I'm considering to use: open(), select(), getdents(), etc.

However, under Linux/gcc/glibc, I'm failing to use getdents():

cc1: warnings being treated as errors
dir.c: In function `on_dir_read':
dir.c:88: warning: implicit declaration of function `getdents'
make: *** [dir.o] Error 1

The getdents() function is documented in the man pages, but
it seems it should not be used by applications.

How could directories be read asynchronously, other than by
using getdents()?

vi...@parcelfarce.linux.theplanet.co.uk

unread,

Apr 16, 2003, 5:14:39 PM4/16/03

to

In article <cc8d795c.03041...@posting.google.com>,

Everton da Silva Marques <ever...@yahoo.com.br> wrote:
>The task at hand is to read a directory content in an asynchronous way;
>i.e. it's not acceptable to block on readdir() or something.
>
>I'm considering to use: open(), select(), getdents(), etc.

getdents() is _not_ asynchronous.

Everton da Silva Marques

unread,

Apr 17, 2003, 2:21:07 PM4/17/03

to

vi...@parcelfarce.linux.theplanet.co.uk wrote in message news:<b7kh3v$ako$1...@parcelfarce.linux.theplanet.co.uk>...

The term 'asynchronous' was used in the sense of
relying in event notification (select(), poll(), etc)
of read availability over the file descriptor.

Is getdents() available to applications? Are there
other alternatives?

vi...@parcelfarce.linux.theplanet.co.uk

unread,

Apr 17, 2003, 10:17:28 PM4/17/03

to

In article <cc8d795c.03041...@posting.google.com>,
Everton da Silva Marques <ever...@yahoo.com.br> wrote:
>vi...@parcelfarce.linux.theplanet.co.uk wrote in message news:<b7kh3v$ako$1...@parcelfarce.linux.theplanet.co.uk>...
>> In article <cc8d795c.03041...@posting.google.com>,
>> Everton da Silva Marques <ever...@yahoo.com.br> wrote:
>> >The task at hand is to read a directory content in an asynchronous way;
>> >i.e. it's not acceptable to block on readdir() or something.
>> >
>> >I'm considering to use: open(), select(), getdents(), etc.
>>
>> getdents() is _not_ asynchronous.
>
>The term 'asynchronous' was used in the sense of
>relying in event notification (select(), poll(), etc)
>of read availability over the file descriptor.

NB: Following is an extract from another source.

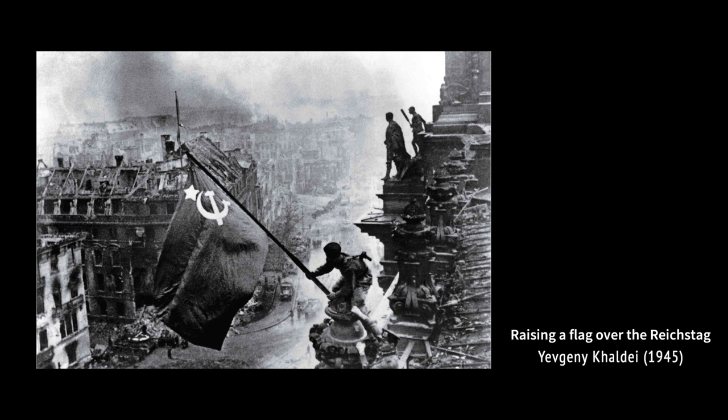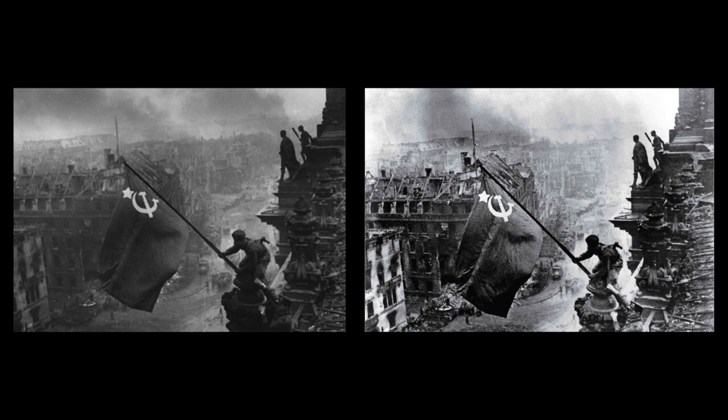Chaldei took a full roll of 36 pictures to get this shot. When printing the photograph in Moscow, they focused on adjusting the contrast and shadows and darkening the sky to make the photo look more dramatic. They also removed an object from the right wrist of the soldier holding the flag, which sparked a little controversy.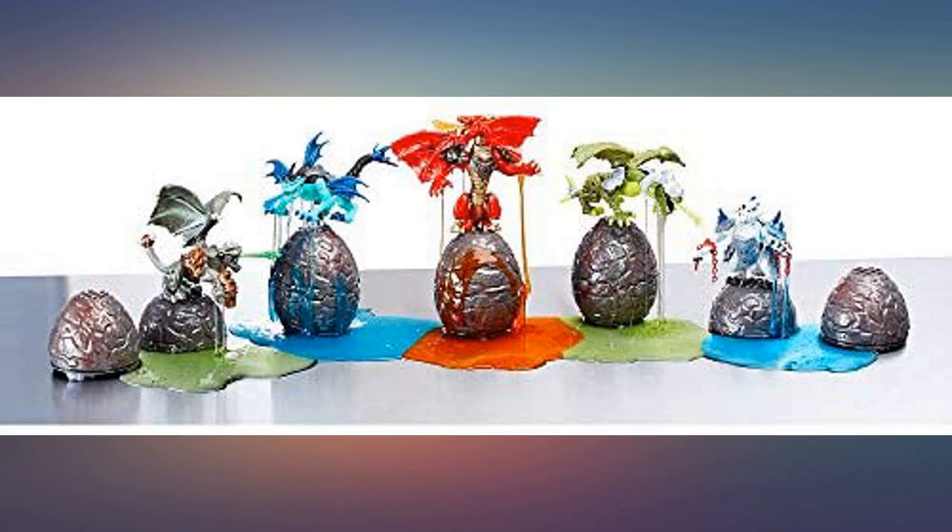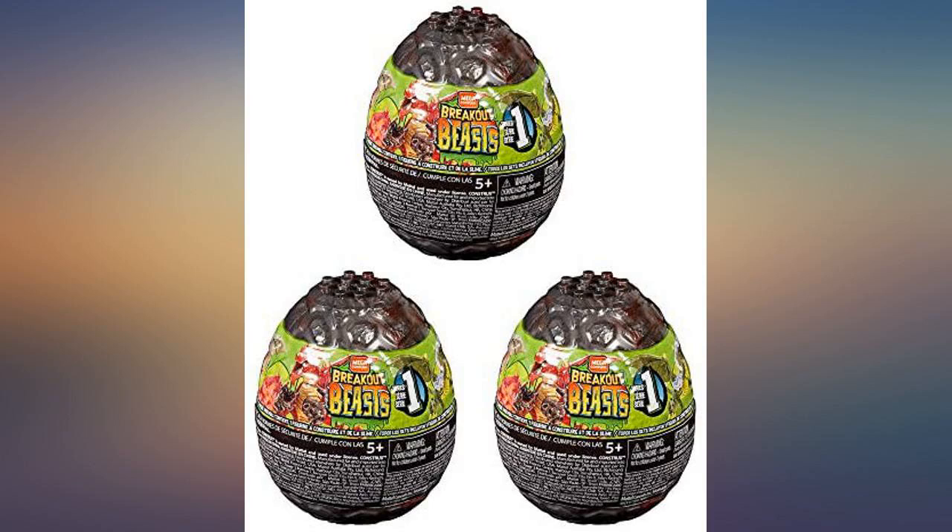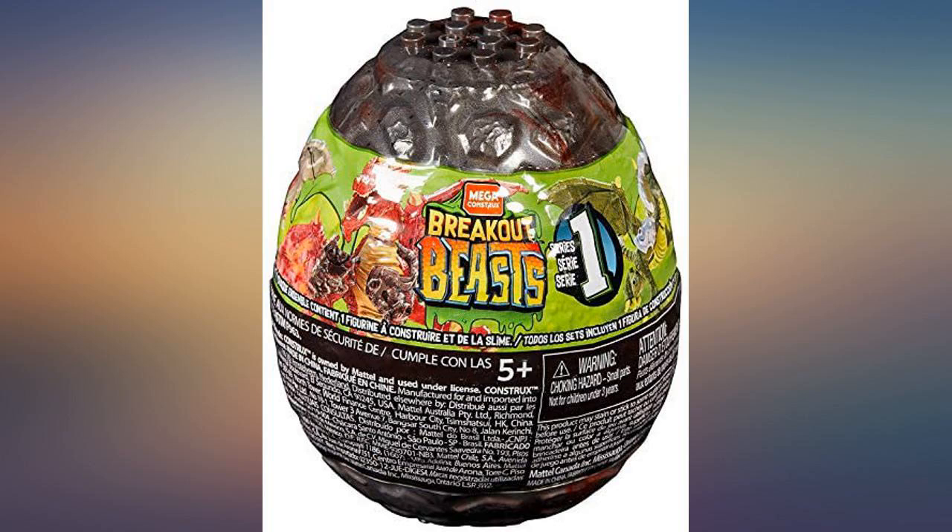My 11 year old son loves these and they're not messy at all. I got these for my son for Easter since they come in eggs and he loves it and spent hours playing with it. They are easy to put together and the slime is fun.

Again, getdents() is not asynchronous in that sense. Moreover, there is
no nonblocking mechanisms for reading directory contents - never had
been and not likely to appear; too much locking-related PITA to implement
and no visible gain.

What are you actually trying to do?

Kasper Dupont

unread,

Apr 18, 2003, 4:11:51 AM4/18/03

to

vi...@parcelfarce.linux.theplanet.co.uk wrote:
>
> Again, getdents() is not asynchronous in that sense. Moreover, there is
> no nonblocking mechanisms for reading directory contents - never had
> been and not likely to appear; too much locking-related PITA to implement
> and no visible gain.

If you need it, you could fork a process that will do synchronous reading
of directories, and then do asynchoronous communication with that process.

--
Kasper Dupont -- der bruger for meget tid på usenet.
For sending spam use mailto:aaa...@daimi.au.dk
for(_=52;_;(_%5)||(_/=5),(_%5)&&(_-=2))putchar(_);

David W Noon

unread,

Apr 18, 2003, 6:18:47 AM4/18/03

to

On Friday 18 Apr 2003 09:11 in <3E9FB347...@daimi.au.dk>, Kasper Dupont
(kas...@daimi.au.dk) wrote:

> vi...@parcelfarce.linux.theplanet.co.uk wrote:
>>
>> Again, getdents() is not asynchronous in that sense. Moreover, there is
>> no nonblocking mechanisms for reading directory contents - never had
>> been and not likely to appear; too much locking-related PITA to implement
>> and no visible gain.
>
> If you need it, you could fork a process that will do synchronous reading
> of directories, and then do asynchoronous communication with that process.

A thread would be even simpler. Welcome to the world of OS/2!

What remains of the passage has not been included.